## EXERCISE BRIEF
From the first line of the data below, repeat each line exactly until you reach the line with "eicher toy tractor"; include that line too.

*** DATA EXCERPTS Section Begins ***

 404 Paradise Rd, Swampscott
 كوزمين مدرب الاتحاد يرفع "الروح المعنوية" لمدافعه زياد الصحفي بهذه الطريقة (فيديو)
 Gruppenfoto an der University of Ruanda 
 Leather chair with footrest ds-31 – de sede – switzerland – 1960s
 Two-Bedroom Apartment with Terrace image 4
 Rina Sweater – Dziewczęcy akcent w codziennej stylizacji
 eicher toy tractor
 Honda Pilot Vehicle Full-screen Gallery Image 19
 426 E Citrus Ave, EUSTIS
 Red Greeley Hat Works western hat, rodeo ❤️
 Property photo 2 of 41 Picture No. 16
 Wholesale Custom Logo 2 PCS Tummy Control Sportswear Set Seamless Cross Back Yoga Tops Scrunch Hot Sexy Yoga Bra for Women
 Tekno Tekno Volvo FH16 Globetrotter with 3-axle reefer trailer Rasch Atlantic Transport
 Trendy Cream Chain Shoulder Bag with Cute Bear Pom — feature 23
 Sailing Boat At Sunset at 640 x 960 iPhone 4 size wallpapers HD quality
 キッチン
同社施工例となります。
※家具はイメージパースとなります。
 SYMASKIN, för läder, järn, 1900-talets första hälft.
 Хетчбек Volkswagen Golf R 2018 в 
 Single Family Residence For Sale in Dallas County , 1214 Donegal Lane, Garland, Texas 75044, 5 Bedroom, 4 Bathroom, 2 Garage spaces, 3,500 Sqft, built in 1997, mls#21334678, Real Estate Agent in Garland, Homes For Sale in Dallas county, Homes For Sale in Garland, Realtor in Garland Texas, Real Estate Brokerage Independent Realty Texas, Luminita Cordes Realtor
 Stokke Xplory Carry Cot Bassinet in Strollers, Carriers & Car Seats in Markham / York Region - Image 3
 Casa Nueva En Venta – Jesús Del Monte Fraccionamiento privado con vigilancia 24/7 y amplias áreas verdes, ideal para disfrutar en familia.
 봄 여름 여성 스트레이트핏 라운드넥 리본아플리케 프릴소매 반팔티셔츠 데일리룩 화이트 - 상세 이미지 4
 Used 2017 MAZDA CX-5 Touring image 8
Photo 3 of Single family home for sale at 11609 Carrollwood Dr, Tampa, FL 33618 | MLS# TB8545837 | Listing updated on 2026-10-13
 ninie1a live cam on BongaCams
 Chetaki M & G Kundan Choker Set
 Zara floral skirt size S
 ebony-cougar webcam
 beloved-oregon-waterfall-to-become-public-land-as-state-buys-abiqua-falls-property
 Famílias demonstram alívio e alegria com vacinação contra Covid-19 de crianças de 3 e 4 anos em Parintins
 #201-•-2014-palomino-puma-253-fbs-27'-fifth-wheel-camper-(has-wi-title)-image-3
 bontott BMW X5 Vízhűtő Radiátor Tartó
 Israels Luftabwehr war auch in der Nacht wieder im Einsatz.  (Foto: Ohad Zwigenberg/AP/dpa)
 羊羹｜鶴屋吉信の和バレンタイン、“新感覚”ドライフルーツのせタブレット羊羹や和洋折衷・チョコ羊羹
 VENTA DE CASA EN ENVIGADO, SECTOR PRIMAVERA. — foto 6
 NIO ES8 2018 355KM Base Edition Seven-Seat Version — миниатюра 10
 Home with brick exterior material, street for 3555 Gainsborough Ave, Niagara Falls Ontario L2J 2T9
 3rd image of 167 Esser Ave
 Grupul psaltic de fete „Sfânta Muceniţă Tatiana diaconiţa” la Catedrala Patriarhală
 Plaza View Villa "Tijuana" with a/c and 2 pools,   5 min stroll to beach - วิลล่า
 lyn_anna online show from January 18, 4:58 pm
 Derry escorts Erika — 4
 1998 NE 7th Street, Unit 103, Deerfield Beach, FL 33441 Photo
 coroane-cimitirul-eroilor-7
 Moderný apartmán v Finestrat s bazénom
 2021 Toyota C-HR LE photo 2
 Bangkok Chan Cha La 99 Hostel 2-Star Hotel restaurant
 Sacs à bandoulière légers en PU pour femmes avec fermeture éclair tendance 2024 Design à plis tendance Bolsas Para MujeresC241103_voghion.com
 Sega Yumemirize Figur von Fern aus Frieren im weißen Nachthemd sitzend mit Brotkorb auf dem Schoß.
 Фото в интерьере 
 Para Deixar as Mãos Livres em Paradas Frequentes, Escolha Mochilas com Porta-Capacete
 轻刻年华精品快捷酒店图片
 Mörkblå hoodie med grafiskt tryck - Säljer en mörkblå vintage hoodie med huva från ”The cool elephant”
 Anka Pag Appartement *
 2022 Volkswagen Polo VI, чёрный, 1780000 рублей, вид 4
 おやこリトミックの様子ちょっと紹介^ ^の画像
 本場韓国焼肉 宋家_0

*** DATA EXCERPTS Section Ends ***

## YOUR SOLUTION
 404 Paradise Rd, Swampscott
 كوزمين مدرب الاتحاد يرفع "الروح المعنوية" لمدافعه زياد الصحفي بهذه الطريقة (فيديو)
 Gruppenfoto an der University of Ruanda 
 Leather chair with footrest ds-31 – de sede – switzerland – 1960s
 Two-Bedroom Apartment with Terrace image 4
 Rina Sweater – Dziewczęcy akcent w codziennej stylizacji
 eicher toy tractor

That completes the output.